The Executive Chef ensures the efficient operations of all food production areas, by consistently analyzing the food production quality & cost, keeping within budget & monitoring time management.

You are required to implement and maintain all service standards as determined by the Corporate Office, and it is your duty to provide your team with ongoing training and support.

It is your responsibility to ensure safe, quality food production, and to create a friendly, guest-oriented service culture to ensure Guest satisfaction and repeat business, which in turn, will increase revenue and profitability of the company.

Job Qualification

  • Excellent cooking skills with creativity to enhance buffet presentations; continuously improve food quality and presentation, host Kitchen Table events and cooking demonstrations, and use culinary checklists regularly.

  • Control food cost by following portion charts, adjusting requisitions to avoid overproduction, and coordinating all food orders and consumption with the Inventory Manager based on guest count, itinerary, availability, and usage; manage inventory, par levels, FIFO, and attend loading for quality checks.

  • Oversee maintenance of all Galley equipment, manage the annual equipment budget, report damages or malfunctions, and control ordering, issuing, and par levels for equipment.

  • Work as part of a team and do not change menus or operations without approval from the Culinary and Purchasing Departments; adjust menus based on availability and submit reports each cruise.

  • Ensure all menus, recipes, and standards are followed; conduct daily spot checks of all food outlets and perform random tastings to maintain Viking’s quality, cleanliness, and Public Health standards.

  • Regularly inspect Galley areas with the Public Health Officer and Kitchen Steward to ensure a clean and safe workplace.

  • Understand HR policies, shipboard training, crew contracts, and working hours procedures to maintain accurate records and payroll corrections if needed.

  • Lead and support a multicultural team, hold daily meetings with Team Leaders, and ensure the department meets Viking’s STAR Service Standards.

  • Deliver the highest level of guest comfort and service in line with STAR Service Standards and Public Health Policies, managing service based on guest flow and daily activities.
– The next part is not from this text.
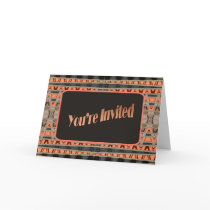 colorful invitation cards by DonnaGraysonAbstract colorful invitation cards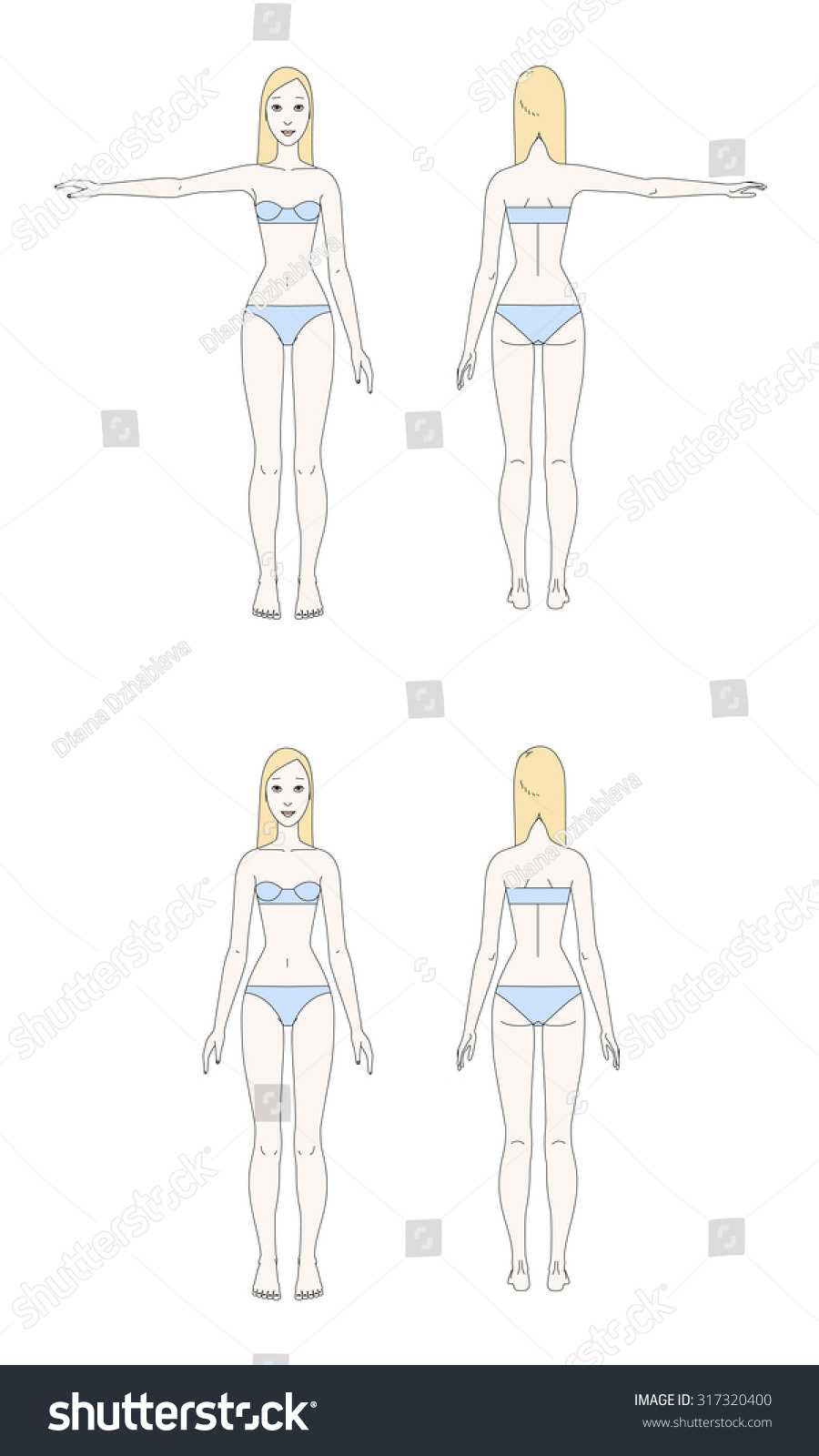 Triggerfingerstitching.blogspot: Female Body Template In Blank Body Map Template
  • Provide leadership to direct reports, including performance reviews, discipline when needed, MLC compliance, training, succession planning, and crew communication and recognition.

  • Use proper PPE and safe lifting techniques at all times.

  • Maintain impeccable grooming standards according to Viking’s Image and Uniform Standards.

  • Protect company property at all times, especially during rough weather.

  • Follow all safety, environmental, Public Health, and security policies and participate in required training and emergency drills.

  • Additional duties may be assigned by your manager or supervisor.